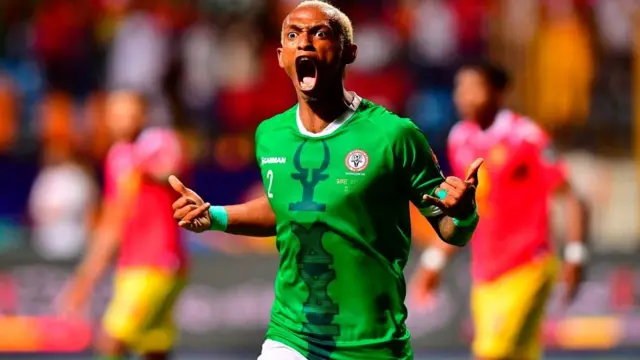 L'attaquant malgache Charles Andriamahitsinoro célèbre le second but de son équipe.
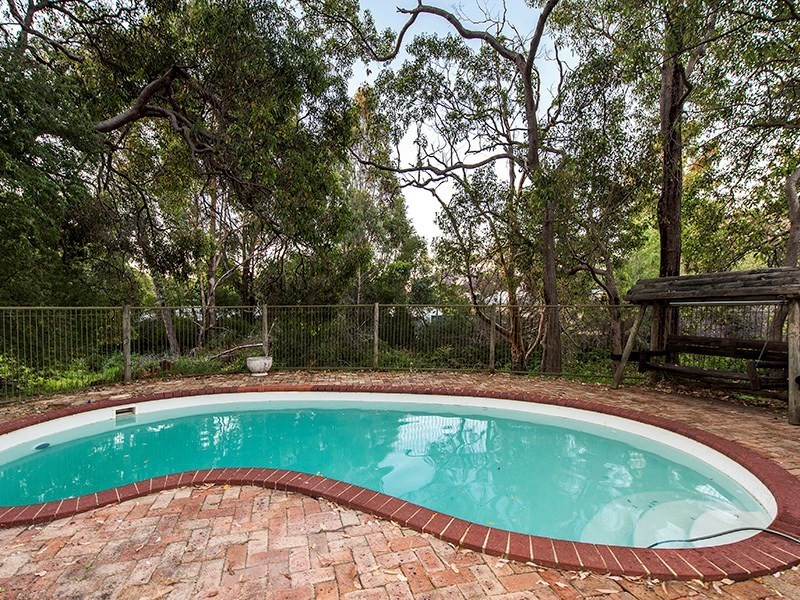 41 Winjana Road, Lesmurdie WA 6076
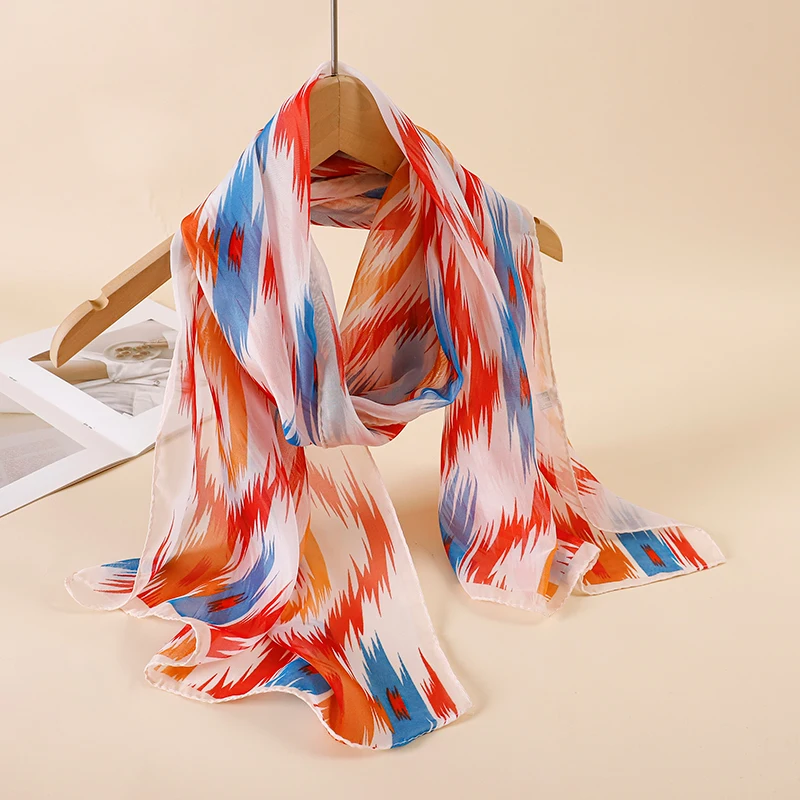 

45*155 см дизайн с принтом женский шелковый маленький шарф шаль элегантный платок удобная повязка хиджабы шифоновые мусульманские шарфы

#### What to produce:
Please copy the data shown above precisely, leaving the images out.

#### Problem solution:
 L'attaquant malgache Charles Andriamahitsinoro célèbre le second but de son équipe.
 41 Winjana Road, Lesmurdie WA 6076

45*155 см дизайн с принтом женский шелковый маленький шарф шаль элегантный платок удобная повязка хиджабы шифоновые мусульманские шарфы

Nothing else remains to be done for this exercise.